背景はよくわかっていない。日本では「邦人が襲われる事件が度々起きている」と報道され、政治家や元外交官などは「反日教育」の影響を指摘する。岸田総理も説明を求めた。

だがやはり「反日教育の影響だ」と言い切ることはできない。そもそも内容が曖昧だからである。

中国側は「このようなことは外国でもよく起きており特段中国の問題とは思えない」としたうえで「それぞれの事件は独立しており共通する背景などない」と言い張っている。男には前科があったそうだ。つまり異常な犯罪者がたまたま小学生を襲っただけと言うスタンスだ。日本から見て到底納得できる内容ではない。

FNNは現地の駐在員を取材し「できれば中国には残りたくない」「スパイとして拘束される危険性があるのに家族もリスクにさらしている」との不安が漏れる。日本政府から納得がゆく説明が得られていないことが不安の原因になっているようである。中には従業員の一時帰国を認めるところも出てきた。

Quoraでこの事件について書いたところ「自分の負の感情を撒き散らすな」という人がいた。中国駐在と言っても自分で自ら選んだ人や中国駐在がエリートだった時代の人達がいる。この人たちは「中国に対する評価が落ちる」ことを懸念しているかもしれない。自分の選択が間違っていたことになってしまうからだ。

現地の日本人と言っても大きな塊があるわけではない。おそらく大手企業から派遣される人もいれば、自分の意思で中国に来て現地の人たちと盛んに交流している人もいるだろう。FNNの記者たちはおそらく大手企業の駐在員と同じコミュニティに属しているのではないかと思う。彼らも駐在派遣だからである。

かつてはどの企業も出世頭を送り込んで海外事業を牽引させていたのだろうがおそらく近年では行き場のなくなった人たちが送り込まれている可能性もある。だが、昔から中国にいる人達はこの変化を認めたくない。そこで「変な風評被害を流すな」と抗議することになる。時代が大きく変化しても一度「中国キャリア」に乗った人たちはそれを手放したくない。
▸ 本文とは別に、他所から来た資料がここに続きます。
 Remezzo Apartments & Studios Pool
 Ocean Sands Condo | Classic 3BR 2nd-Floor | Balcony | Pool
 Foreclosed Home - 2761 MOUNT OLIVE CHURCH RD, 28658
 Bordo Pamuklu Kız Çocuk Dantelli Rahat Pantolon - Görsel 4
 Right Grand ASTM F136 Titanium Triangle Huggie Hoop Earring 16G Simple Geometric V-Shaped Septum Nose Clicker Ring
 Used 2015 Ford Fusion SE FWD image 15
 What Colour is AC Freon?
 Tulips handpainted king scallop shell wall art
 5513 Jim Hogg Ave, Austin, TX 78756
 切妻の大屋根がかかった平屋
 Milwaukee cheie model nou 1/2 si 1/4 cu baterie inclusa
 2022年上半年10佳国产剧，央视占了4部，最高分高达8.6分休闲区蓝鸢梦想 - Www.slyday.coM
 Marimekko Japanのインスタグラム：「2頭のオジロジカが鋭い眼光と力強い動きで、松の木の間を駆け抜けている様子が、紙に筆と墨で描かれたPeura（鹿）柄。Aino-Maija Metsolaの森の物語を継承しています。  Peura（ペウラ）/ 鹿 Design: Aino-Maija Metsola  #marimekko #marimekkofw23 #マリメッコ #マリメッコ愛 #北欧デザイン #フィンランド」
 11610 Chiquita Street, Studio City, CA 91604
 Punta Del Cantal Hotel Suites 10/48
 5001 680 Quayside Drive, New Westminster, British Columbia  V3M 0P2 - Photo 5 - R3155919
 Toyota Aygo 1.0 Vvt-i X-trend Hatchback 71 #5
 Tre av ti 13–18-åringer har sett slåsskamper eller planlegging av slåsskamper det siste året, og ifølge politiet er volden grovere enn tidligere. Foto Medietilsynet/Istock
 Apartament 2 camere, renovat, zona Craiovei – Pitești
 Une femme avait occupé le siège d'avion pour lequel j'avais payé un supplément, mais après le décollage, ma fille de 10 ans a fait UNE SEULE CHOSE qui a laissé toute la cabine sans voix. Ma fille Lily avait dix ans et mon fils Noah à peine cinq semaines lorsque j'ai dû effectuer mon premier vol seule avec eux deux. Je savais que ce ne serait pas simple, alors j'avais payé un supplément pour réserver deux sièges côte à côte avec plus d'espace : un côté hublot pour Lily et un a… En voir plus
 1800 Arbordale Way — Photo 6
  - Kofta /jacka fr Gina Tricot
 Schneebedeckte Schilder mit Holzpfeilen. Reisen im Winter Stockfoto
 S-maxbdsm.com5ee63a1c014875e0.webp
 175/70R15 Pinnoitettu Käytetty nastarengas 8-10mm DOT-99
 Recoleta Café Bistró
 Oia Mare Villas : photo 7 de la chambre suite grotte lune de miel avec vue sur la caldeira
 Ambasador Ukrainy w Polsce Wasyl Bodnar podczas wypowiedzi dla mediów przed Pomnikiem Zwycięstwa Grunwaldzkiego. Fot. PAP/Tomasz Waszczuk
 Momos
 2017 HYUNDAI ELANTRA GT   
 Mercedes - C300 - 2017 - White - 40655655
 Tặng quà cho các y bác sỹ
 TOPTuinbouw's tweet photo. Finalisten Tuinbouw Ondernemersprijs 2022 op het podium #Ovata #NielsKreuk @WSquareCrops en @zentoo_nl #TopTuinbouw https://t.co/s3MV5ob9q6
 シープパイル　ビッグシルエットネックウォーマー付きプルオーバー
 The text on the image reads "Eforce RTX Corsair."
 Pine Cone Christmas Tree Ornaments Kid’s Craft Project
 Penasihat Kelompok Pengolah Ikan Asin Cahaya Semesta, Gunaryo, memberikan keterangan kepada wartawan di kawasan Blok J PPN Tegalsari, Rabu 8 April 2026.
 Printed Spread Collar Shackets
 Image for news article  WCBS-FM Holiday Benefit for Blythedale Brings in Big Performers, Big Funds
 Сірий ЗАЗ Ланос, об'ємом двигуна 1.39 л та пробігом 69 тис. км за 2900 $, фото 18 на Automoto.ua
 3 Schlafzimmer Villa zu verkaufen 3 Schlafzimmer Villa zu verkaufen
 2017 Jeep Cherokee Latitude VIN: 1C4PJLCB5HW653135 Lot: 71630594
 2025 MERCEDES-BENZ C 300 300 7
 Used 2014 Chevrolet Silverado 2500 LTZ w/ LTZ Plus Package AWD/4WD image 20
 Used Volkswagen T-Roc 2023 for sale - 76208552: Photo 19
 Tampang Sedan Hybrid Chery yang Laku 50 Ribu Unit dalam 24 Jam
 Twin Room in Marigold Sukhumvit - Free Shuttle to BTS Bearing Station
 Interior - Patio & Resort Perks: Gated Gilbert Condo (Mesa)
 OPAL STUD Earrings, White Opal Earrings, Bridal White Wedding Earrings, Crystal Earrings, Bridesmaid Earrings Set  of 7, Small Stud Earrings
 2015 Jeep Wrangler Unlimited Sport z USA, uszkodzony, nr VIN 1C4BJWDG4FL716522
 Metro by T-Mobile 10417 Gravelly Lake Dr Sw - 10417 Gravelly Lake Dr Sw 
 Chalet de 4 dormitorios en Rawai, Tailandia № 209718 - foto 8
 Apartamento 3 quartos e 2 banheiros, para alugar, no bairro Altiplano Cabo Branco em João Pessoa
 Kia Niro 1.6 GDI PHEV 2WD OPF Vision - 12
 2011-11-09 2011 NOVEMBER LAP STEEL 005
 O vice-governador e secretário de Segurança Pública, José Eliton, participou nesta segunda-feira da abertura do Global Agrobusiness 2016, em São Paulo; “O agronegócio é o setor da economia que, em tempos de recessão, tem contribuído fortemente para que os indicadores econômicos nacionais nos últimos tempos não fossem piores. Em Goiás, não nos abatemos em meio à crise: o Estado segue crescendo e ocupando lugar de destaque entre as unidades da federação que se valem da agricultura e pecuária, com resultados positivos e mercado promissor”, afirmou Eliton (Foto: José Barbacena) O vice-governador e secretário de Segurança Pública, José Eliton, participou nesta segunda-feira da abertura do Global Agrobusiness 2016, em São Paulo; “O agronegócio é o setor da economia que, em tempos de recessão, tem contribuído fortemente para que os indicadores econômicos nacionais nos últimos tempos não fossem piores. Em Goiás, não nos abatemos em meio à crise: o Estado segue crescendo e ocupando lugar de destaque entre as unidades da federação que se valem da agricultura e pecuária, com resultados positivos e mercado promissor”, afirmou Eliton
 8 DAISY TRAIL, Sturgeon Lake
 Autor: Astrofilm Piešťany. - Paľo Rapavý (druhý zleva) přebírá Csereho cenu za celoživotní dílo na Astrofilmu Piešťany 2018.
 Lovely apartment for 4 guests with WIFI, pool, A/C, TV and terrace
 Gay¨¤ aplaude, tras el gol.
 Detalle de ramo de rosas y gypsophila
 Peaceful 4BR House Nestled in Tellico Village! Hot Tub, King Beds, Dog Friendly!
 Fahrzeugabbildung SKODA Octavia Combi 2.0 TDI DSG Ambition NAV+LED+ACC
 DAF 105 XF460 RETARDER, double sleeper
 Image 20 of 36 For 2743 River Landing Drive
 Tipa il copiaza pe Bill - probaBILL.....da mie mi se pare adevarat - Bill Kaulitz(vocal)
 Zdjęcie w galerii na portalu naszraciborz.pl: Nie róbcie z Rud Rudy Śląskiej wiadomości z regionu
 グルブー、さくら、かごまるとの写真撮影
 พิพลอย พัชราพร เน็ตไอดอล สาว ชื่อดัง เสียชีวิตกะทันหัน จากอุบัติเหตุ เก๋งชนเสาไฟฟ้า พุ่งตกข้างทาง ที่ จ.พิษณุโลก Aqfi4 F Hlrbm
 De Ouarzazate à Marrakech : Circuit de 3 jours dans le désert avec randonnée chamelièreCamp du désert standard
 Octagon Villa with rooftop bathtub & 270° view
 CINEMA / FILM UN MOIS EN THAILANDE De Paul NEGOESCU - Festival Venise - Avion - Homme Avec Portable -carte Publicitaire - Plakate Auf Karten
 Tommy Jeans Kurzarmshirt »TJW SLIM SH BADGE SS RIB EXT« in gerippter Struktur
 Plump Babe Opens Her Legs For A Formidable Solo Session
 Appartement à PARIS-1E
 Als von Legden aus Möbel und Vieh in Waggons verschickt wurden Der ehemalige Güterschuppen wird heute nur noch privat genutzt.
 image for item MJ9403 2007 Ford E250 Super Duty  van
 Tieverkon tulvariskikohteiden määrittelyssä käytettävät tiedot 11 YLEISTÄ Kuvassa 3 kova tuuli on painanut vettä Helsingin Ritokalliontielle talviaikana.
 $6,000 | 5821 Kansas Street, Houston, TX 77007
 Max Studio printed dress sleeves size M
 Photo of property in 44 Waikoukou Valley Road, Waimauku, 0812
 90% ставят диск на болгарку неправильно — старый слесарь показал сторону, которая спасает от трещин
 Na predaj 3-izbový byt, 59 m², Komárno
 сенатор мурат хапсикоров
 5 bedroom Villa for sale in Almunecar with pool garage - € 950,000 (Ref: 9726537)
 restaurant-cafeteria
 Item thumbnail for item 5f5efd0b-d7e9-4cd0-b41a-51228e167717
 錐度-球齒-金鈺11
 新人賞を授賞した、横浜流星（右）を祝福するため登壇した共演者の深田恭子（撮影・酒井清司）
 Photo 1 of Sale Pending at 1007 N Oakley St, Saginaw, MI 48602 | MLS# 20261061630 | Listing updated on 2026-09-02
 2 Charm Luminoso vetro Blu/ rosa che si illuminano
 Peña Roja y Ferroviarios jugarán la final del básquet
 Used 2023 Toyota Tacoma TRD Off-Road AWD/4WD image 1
このニュースに別の確度から反応する人達もいる。中国に対抗できる強い日本を求めるネット右翼の人たちである。彼らはお互いに団結していない砂粒の様な存在だ。中国と断交すべきだなどと主張している。

しかし、自民党が彼らの声に答えることはないだろう。自民党は地域利権や企業幹部と強く結びつくエスタブリッシュメントのための政党だ。選挙のときだけ有権者の協力が必要になるので「強い態度が必要だ」とはいう。だが企業は当然従業員をリスクにさらしてでも中国市場を手放したくないと考えるだろう。日本市場が成長しなかったため中国市場に盛んに投資をしてきた。

だが、ネット右翼の人たちも「自分たちは選挙で利用されているだけ」と認めることはできない。むしろ自分たちは権力のメインストリームにいて影響力を維持できていると思い込みたい。

おそらくは中国政府も対応に苦慮することになるだろう。外国からの干渉を過度に恐れる中国政府はスパイ防止の法律を整備した。このため欧米の企業は中国に事務所を置くことを「中国リスク」と考えるようになっている。一方で土地・開発バブルが弾けていて外国からの投資を必要としている。

中国の「反日教育」の実体はよくわからない。一般市民の一部が「日本はかつて間違ったことをした連中なのだから何をしても構わない」と下に見ている可能性はある。だが中国政府はこれが認められない。日本で反日教育と呼んでいる教育を見直すことは過去の間違いを認めることと等しい。

中国政府の動機はすべて「中国政府の正統性の維持」につながる。

日本やアメリカなどの民主主義国は「政府は間違いを犯す」という前提で組み立てられている。だからこそ政権交代が起きてその間違いが修正される。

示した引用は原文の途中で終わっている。